## AIM OF THE TASK
Leave out all pictures. Extract exactly the lines from the one containing "Salvage Jeep Cherokee" through the end of the data.

## DATA EXTRACT
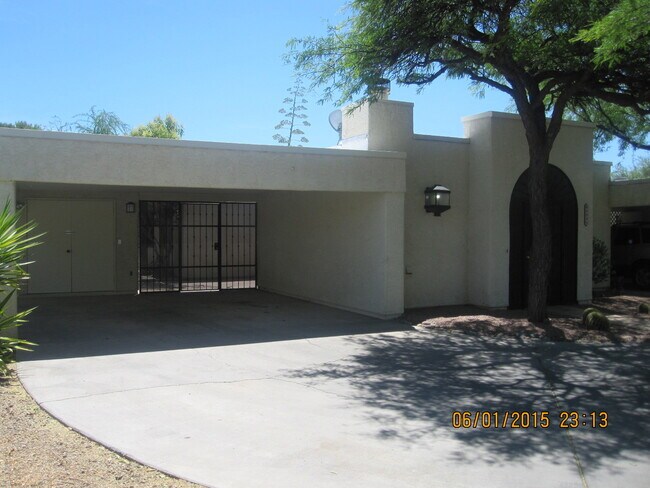 Building Photo - Lazy Creek Townhomes.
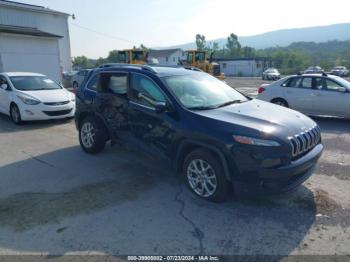  Salvage Jeep Cherokee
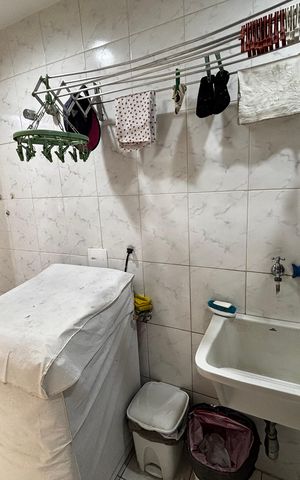 Apartamento à venda com 347m², 5 quartos e 2 vagas Apartamento à venda com 347m², 5 quartos e 2 vagasÁrea de Serviço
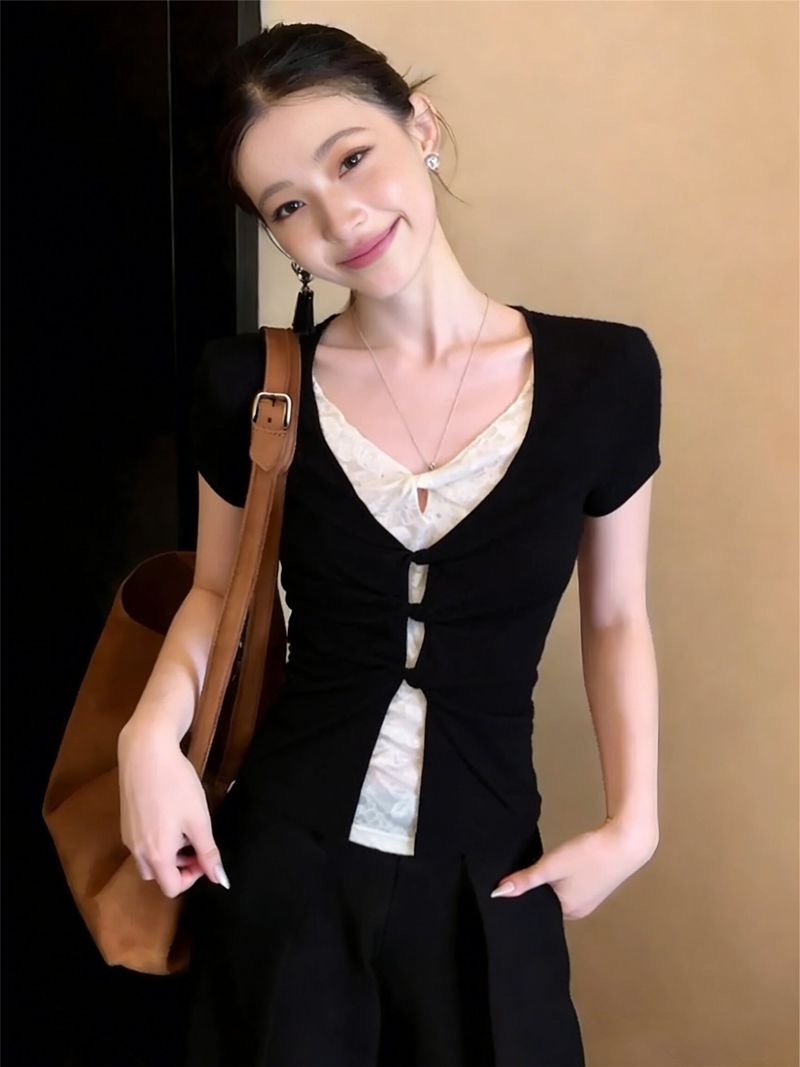 夏季新款假兩件蕾絲鏤空扭結正肩短袖t恤女好看絕美修身甜辣上衣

## FINISHED TASK
  Salvage Jeep Cherokee
 Apartamento à venda com 347m², 5 quartos e 2 vagas Apartamento à venda com 347m², 5 quartos e 2 vagasÁrea de Serviço
 夏季新款假兩件蕾絲鏤空扭結正肩短袖t恤女好看絕美修身甜辣上衣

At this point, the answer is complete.